Viele Engel machen den Weg des Fleisches durch, so wie ihn Jesus Selbst als der höchste Geist Gottes durchmachte, damit sie Gottes wahre Kinder werden können. Sie wählen sich selbst eine rechte, noch nie in einem Fleisch gewesene Seele und geben sie in das Fleisch einer reinen Mutter, worauf sie dann für das Gedeihen und die rechte Lebensbildung nach ihrem Licht und ihrer Kraft sorgen, damit eine solche Seele die Stärke für die ewige Einigung mit ihnen erlangt.[37]
Weiterleben nach dem Leibestod
Nichts in den materiellen Welten ist für den ewigen Bestand erschaffen worden, sondern nur die Seelen der Menschen, die aus dem Gericht der Materie hervorgehen und sich im Menschen zum ewigen Leben kräftigen.[38]

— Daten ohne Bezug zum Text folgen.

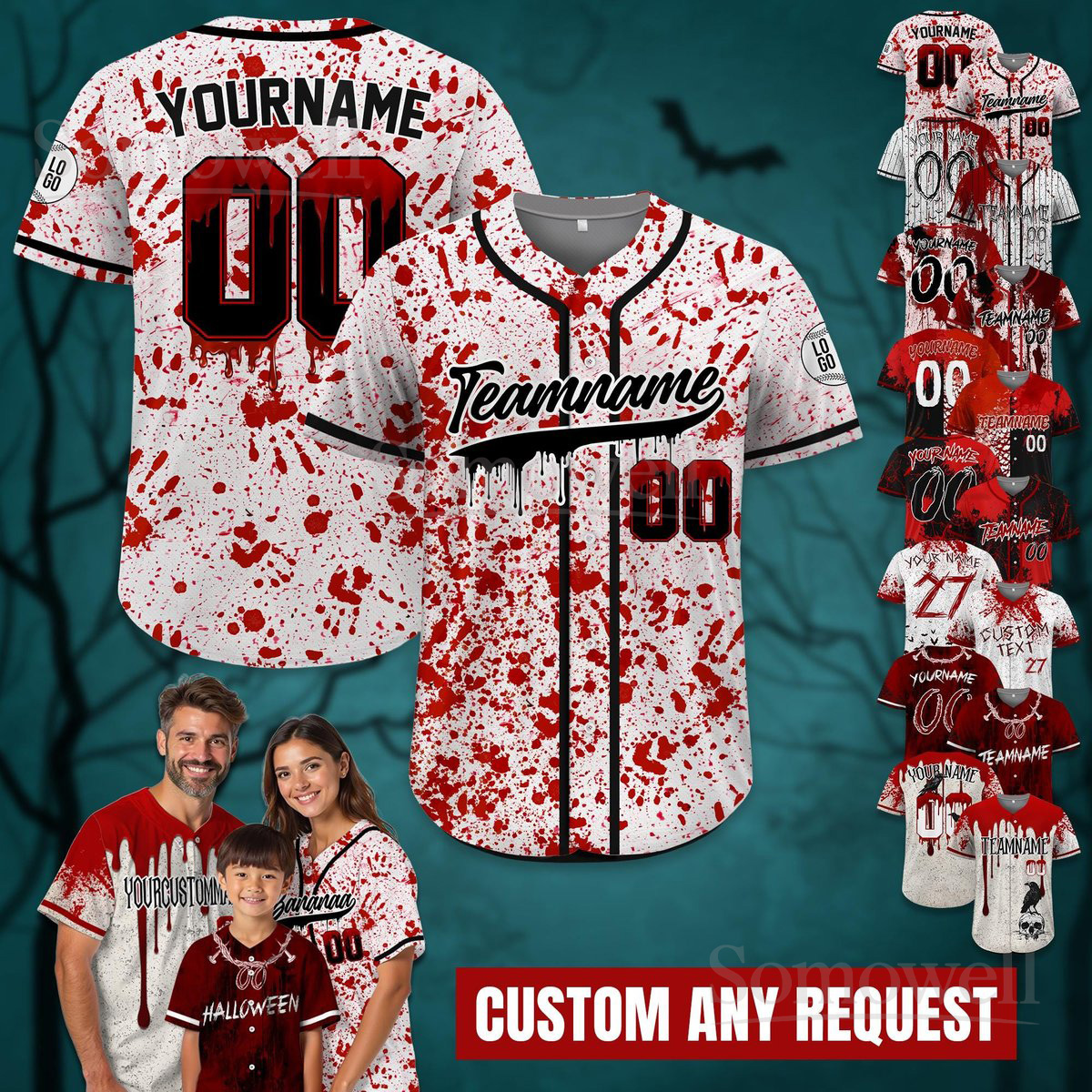 Personalized Bloody Halloween Baseball Jersey Horror Splatter Design Custom Team Name and Number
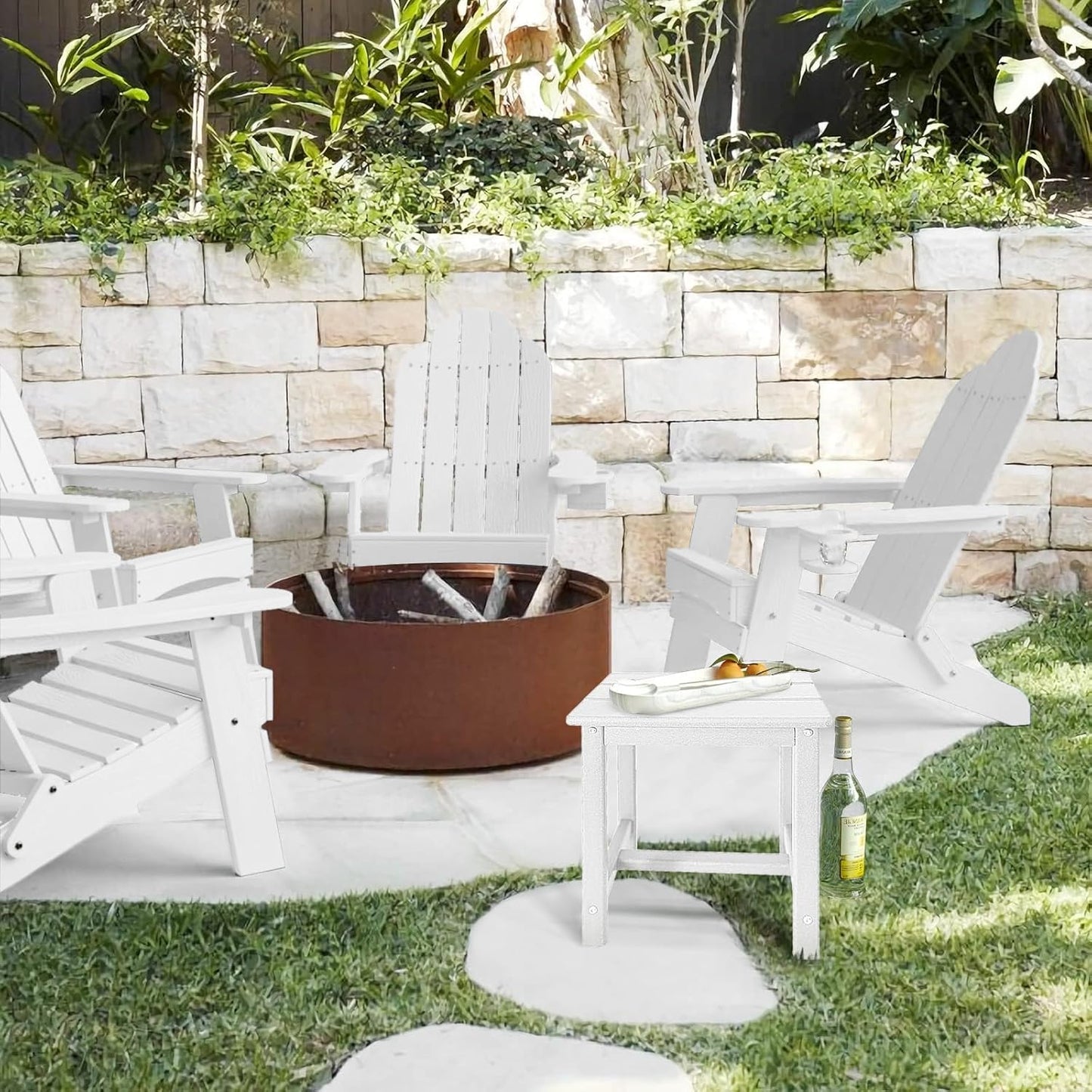 Adirondack Square Side Table,one-Tier Outdoor end Table, Patio Side Table for Pool,Porch,Backyard,Relaxing Companion (White)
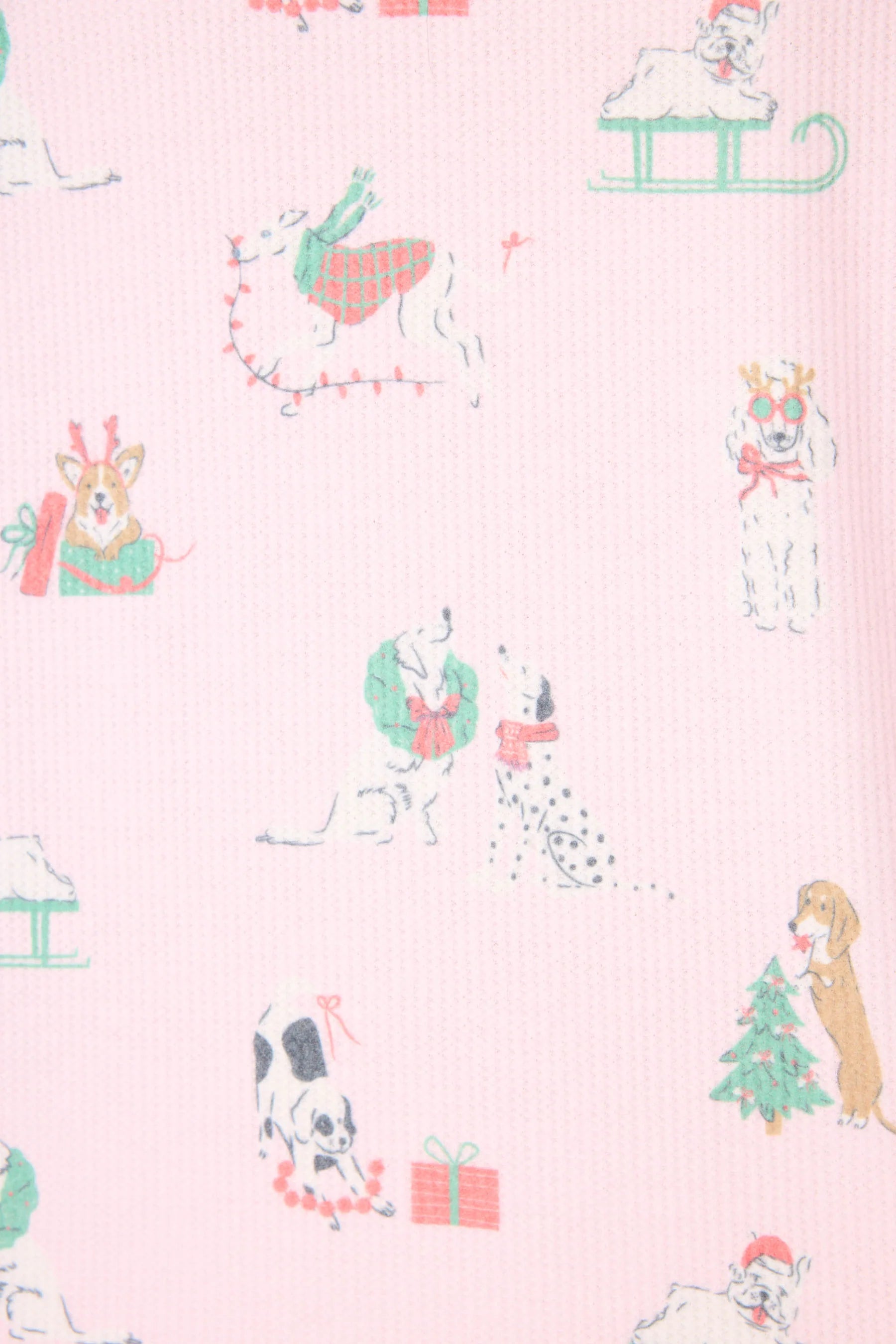 Peace & Pawlidays Dog Print Waffle PJ Set | Pink | PJ Salvage for Women close up of the print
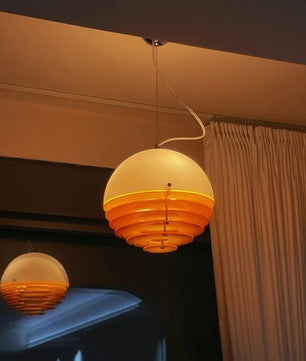 Sunset Bauhaus Pendant Light – Modern Glass & Acrylic Globe Ceiling Light for Living Room, Bedroom & Dining, Orange & White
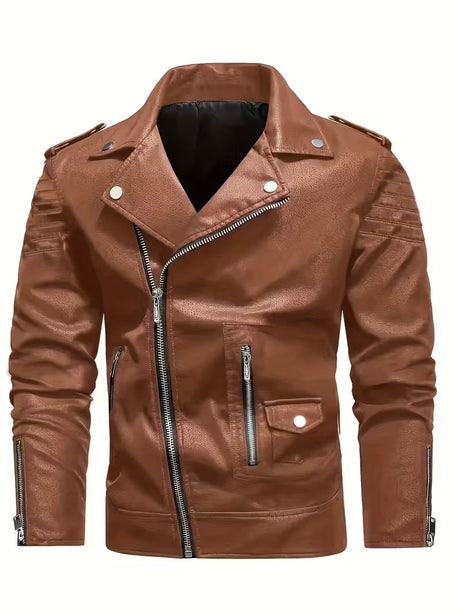 Men’s Black Leather Motorcycle Jacket – Windproof Full-Zip Biker Coat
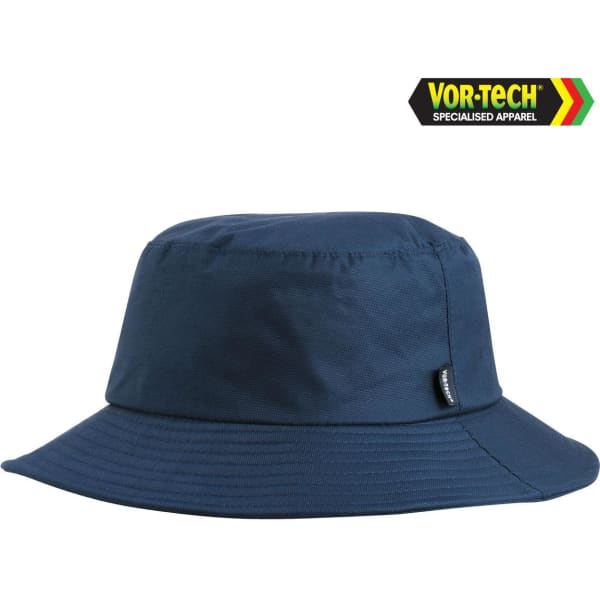 A navy bucket hat with a wide brim, featuring a logo on the side. Ideal for headwear collection.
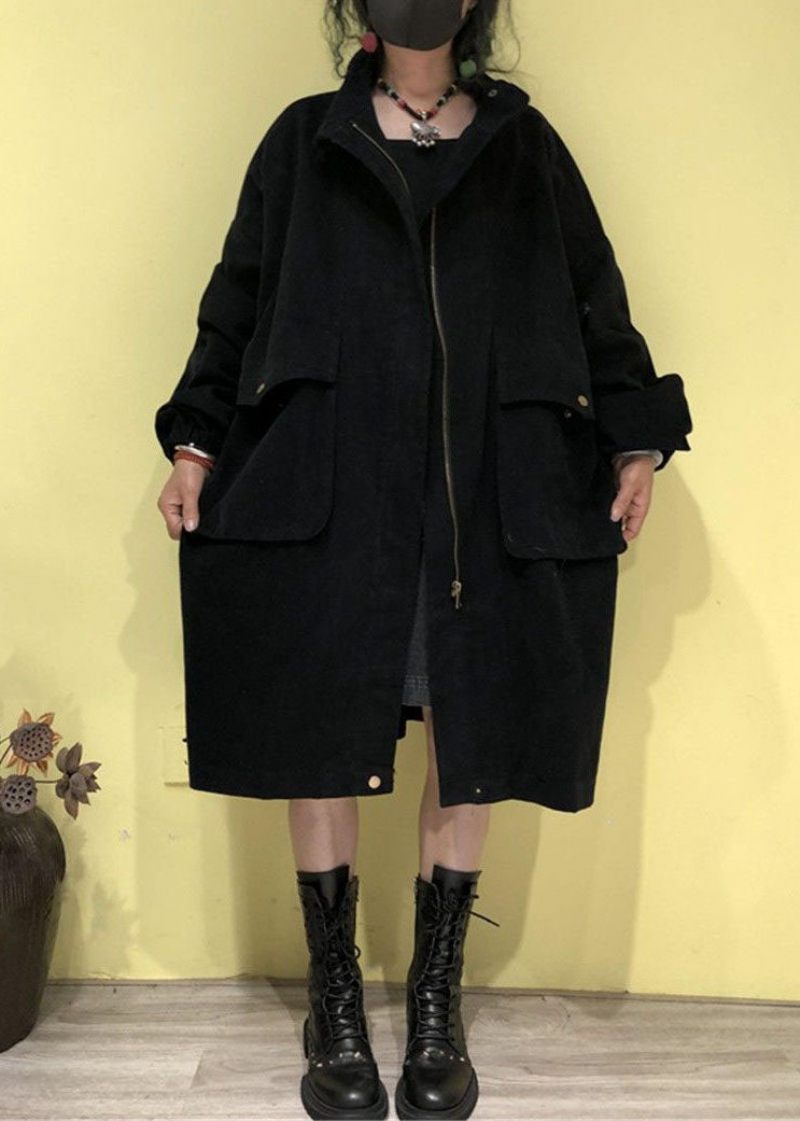 Plus Size Grøn Stand Krave Lynlås Lommer Trench Coats Efterår - Grøn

Jede Seele wird auch jenseits aus ihrer Liebe und aus ihrem Glauben und daraus nach der vollen Freiheit ihres Willens weiterleben. Ist die Liebe rein und gut, so wird auch ihr jenseitiges Leben ein reines, gutes und seliges sein; ist aber ihre Liebe schlecht und unrein und für keinen Nebenmenschen eine Seligkeit bereitend, so wird auch ihr jenseitiges Leben ein unreines, schlechtes und seligkeitsloses sein.[39]
Aussehen
Das seelische Fleisch ist ein Produkt der Liebe und erweckt auch wieder Liebe, so ähnlich wie eine üppige Jungfrau, deren Fleisch ein Produkt vieler Liebe ist, auch die liebeglühende Sehnsucht erweckt; ist die Jungfrau jedoch entsetzlich mager, dann rührt sie bei kaum jemandem besonders das Herz. Je mehr eine Seele pur Liebe ist, desto reizender, üppiger und der Form nach vollendet sieht sie aus. Eine geizige und eigenliebige Seele sieht sehr mager aus - da sie aber noch die Liebe zu sich selbst hat, hat sie zumindest ein wenig seelisches Fleisch. Die Seele eines Selbstmörders erscheint jenseits in Form eines Skelettes, da sie auch keine Liebe zu sich selbst hat.[40]
Wenn eine Seele nicht nach dem Wort Gottes oder Evangelium gelebt hat, erscheint sie in der geistigen Welt notwendig unter den mannigfachsten Gestaltungen, welche sich bis zu den scheußlichsten Tiergestalten zurückerstrecken. Dies deswegen, weil die Seele durch das irdische Leben eine Portion zu ihrer Vollgestaltung nötiger Spezifika vergeudet hat. Diese sind nach der Trennung der Seele vom Leib nicht mehr da, weswegen die Gestalt der Seele außerhalb des Leibes nur eine sehr unvollkommene sein kann. Eitle bekommen Geweihe oder Hörner; nach Genitalien Lüsterne strotzen oft am ganzen Wesen von diesen Genitalien, je nachdem ein Mensch auf Erden eine sinnliche Neigung hat, wird sich diese ausprägen in der Seele. Bei manchen Menschen sind ähnliche Abnormitäten der Seele aus eigener Sünde oder jener der Eltern schon im noch irdischen Leib ersichtlich.[41] Die tierhaften und monströsen Formen der Seele sehen nur die höheren Geister, bzw. jene die sich im höheren Himmelslicht (entsprechend ihrem Liebesgrad) befinden.[42] (Anm.: Die Betreffenden sehen sich selbst und ihresgleichen durch die Gnade Gottes in menschlicher Form.)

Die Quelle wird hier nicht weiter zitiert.